As an adult, no one dictates our own personal practices. I can eat a bowl of ice cream, knowing that my stomach will hurt right away, I can take that last shot of tequila, feeling in advance my slight hangover the next day. I can muscle through a workout, knowing full well that I should rest, and feeling almost immediately the fatigue that my rebellious stubbornness tried to ignore.
I can put myself to bed and be an adult. but I can also go out for drinks on a Tuesday and be an adult; I can stay up till 2 on a Friday and sleep in until 11 on a Saturday. I can jump into a freezing body of water because “I'm not old yet” OR I can elect to watch the kids, sitting back with a big hat on (because adults are aware of sun damage) and a drink, enjoying watching them be kids with reckless abandon.

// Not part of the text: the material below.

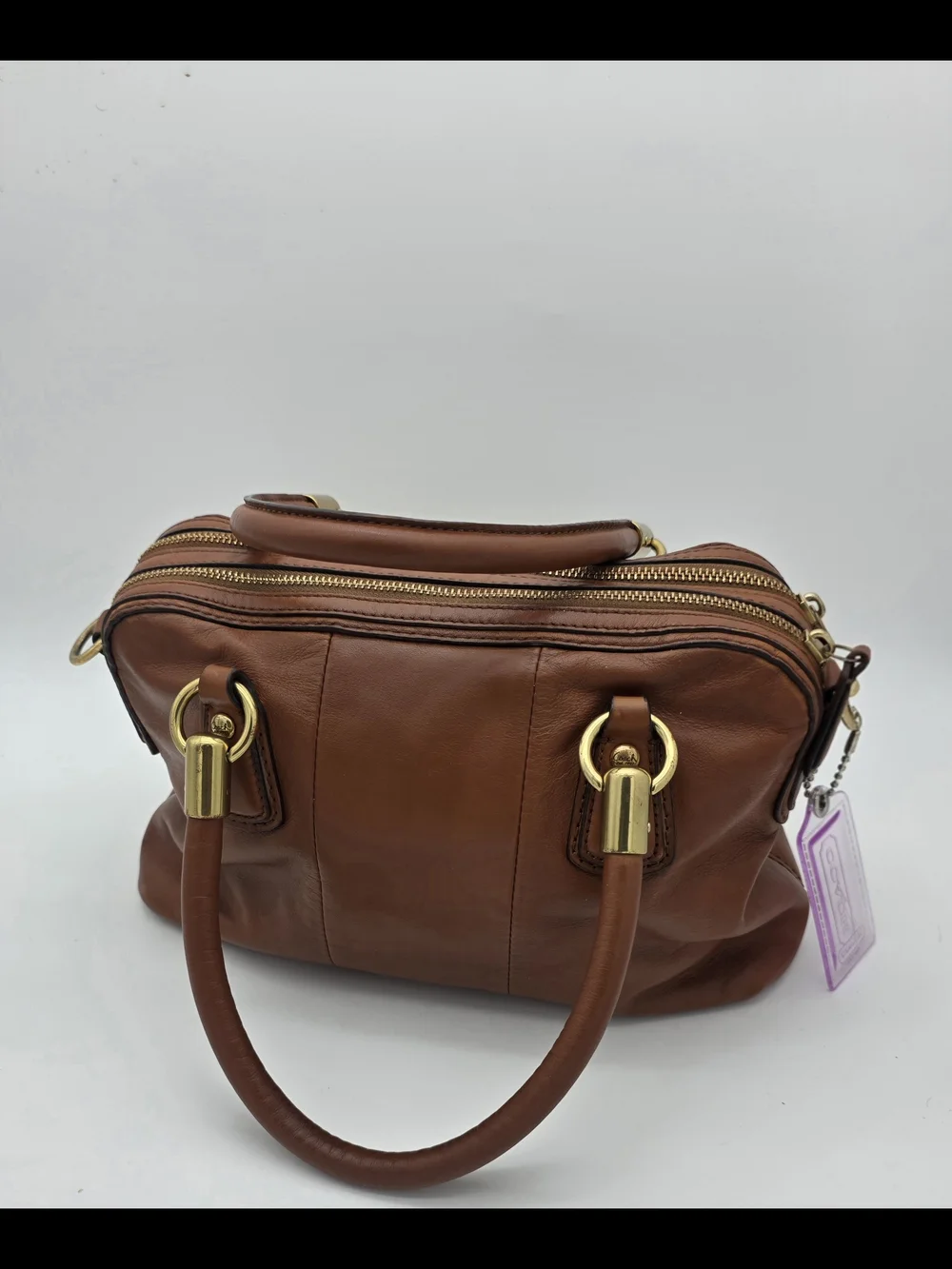 Classic Brown Leather Satchel Handbag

I may never grow out of my FOMOism. Hell, I know I won’t. But I can be a fun, semi-responsible adult who lets the orchid come out every once in a while, four days a week, so the weed can prevail the other three. I feel better when I sleep more, but I also feel amazing when I spend quality time with people and get my second wind to make the most out of my evenings.
I can be an adult and a kid at the same time. It’s okay. There’s enough room to be the fun mom at the pool still, the one throwing her kids around with a drink by her side, but one with fewer bags under eyes and a skip in her step. Because she’s an adult and she got 8 hours of sleep. And she feels like a rock star.